6月5、6日、アップリンクで行います。よろしくお願いします。
それともう一つ、ライター個人の告知があり。今日はそれにまつわる話を。

「月刊スカパー!」(ぴあ)2013年6月号で、降旗康男監督にインタビューをした。http://piabook.com/shop/g/g1549306/

日本映画専門チャンネルで6月に、『あなたへ』がテレビ初放送。それに合わせて高倉健主演・降旗康男監督のコンビ作を放送する「4週連続 高倉健スペシャル」が組まれるため、その紹介ページ用の取材だった。
http://www.nihon-eiga.com/osusume/takakura/


一般情報誌の仕事をする機会は、僕の場合、非常に珍しい。ほかの媒体から来たライターさんと複数で話を聞く合同取材、いわゆる「囲み」もこの年で初体験。段取りを見学させてもらうことも含めて、勉強になった。連休のため〆切が取材日の翌々日というタイトさも、いっそスッキリしていてよかった。

「『映画芸術』関係で映画評を私的に、迂回するように書くのは、引き出しのひとつ。TPO次第でどうとでも自分の気配は消せるし、文字数も寸分たがわず合わせられます。テレビで、いつもそういう仕事をしているんですから」
いくらこう言ってユーティリティーをPRしても紙媒体の人にはなかなか分かってもらえず、いいですよもう……と最近は期待もしていなかったので、今回は、色眼鏡抜きに発注をもらえたことが、うれしかった。
「ふつうのプロのライター」として番組紹介を一義にした記事、見てくれる人がいたら、それもうれしい。影をうまく活かした降旗監督の写真(山田和幸)が、ハア、あの場所、あの制限時間で……と、感心するカッコヨサです。


そういうわけで、当日はビジネスライクな表情に徹し、おくびにも出さなかったものの、実は〈降旗康男に最新作を中心に高倉健との長いかかわりを聞く〉機会が得られたことには、内心、かなり胸せまるものがあった。

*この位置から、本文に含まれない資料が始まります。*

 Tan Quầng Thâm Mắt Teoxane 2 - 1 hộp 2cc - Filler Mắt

なにしろ、「〈東映まんがまつり〉以外の日本映画」に目覚めた最初は、高倉健主演の『八甲田山』(監督は森谷司郎)。それからしばらくは、日本映画といえば、健さんを中心に寅さんと薬師丸とアニメがあるという認識だった。ひとりで映画館に行くのを覚えた年の、メルクマール的存在になったのが、高倉・降旗コンビのピークといっていい『駅 STATION』。それからは、実家にいた時も上京してからも、新作のたびにチェックすることがほぼ義務だった。コンビの前史にあたる東映時代の『新網走番外地』シリーズは、新宿のやくざ映画三本立ての名画座で長くバイトしていたので、あたりまえのように身近にあった。そういえば、トークを目当てに昔の文芸坐2へ行ったこともあり、おだやかな、大学の先生みたいな物腰と話しぶりを見て、評判通りだなーと感心したこともあった。
要は、そうとうにお世話になった監督さんなのである。
当日、一切はしゃがず、「握手してください」みたいな余計なことも言わず、粛々とお話を聞いて、淡々とバレることができて、(あー、なにかを卒業できた!)という感慨があった。

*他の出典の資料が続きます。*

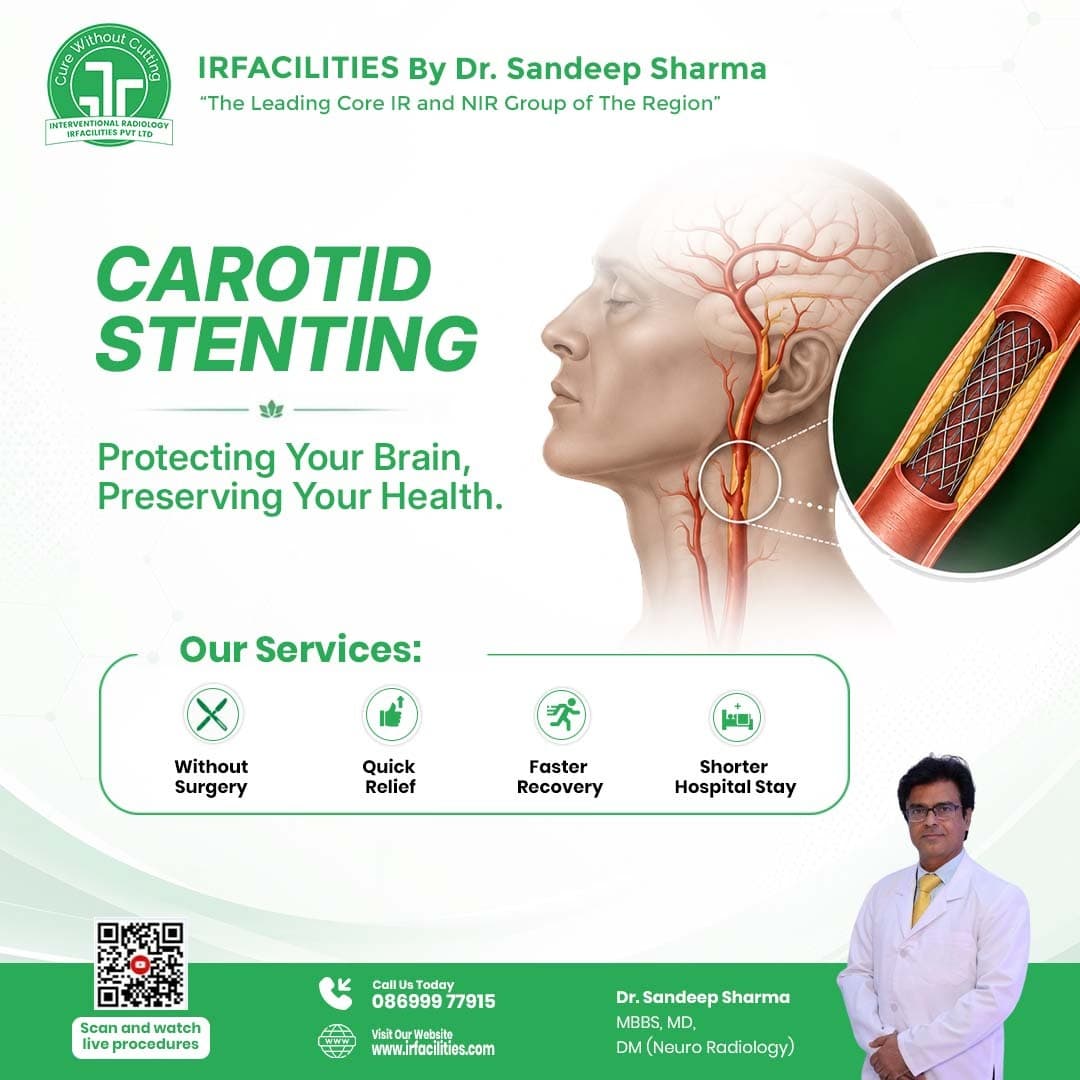 Carotid Stenting Treatment | Preventing Stroke Through Image Guided Procedures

去年公開された『あなたへ』が話題の中心、なのも良かったと思う。多義的な解釈ができるよう意識的にストーリーに隙間が多くとられた質の映画なので、「答え合わせ」にばかり神経を使わずに済むからだ。
しかしそういう、余白を楽しめる、懐の深い映画であることが、あまり世の中に伝わらなかったんじゃないか、と今更のように思っている。
もちろん、健さんの6年振りの主演作として昨夏、しっかり評判にはなった。公開中に、「高倉健スペシャル」「高倉健インタビュースペシャル」の2回に分けて放送されたNHK『プロフッショナル 仕事の流儀』も、見たひとは多いだろう。
東宝配給で興収の結果は、23.9億円。2012年度の14位の成績をあげた(映連の発表)のだから、十分なヒット作だ。ただ、ターゲットの観客層に届いた以上の波及が弱かったというか。
『鉄道員(ぽっぽや)』以来続いていた、〈健さんありき〉であることのキュウクツさが、実は『あなたへ』ではヒュッとやわらいでいて、軽みのともなう面白みがあったことを、映画好きほど見逃してしまっているのでは、と感じるのだ。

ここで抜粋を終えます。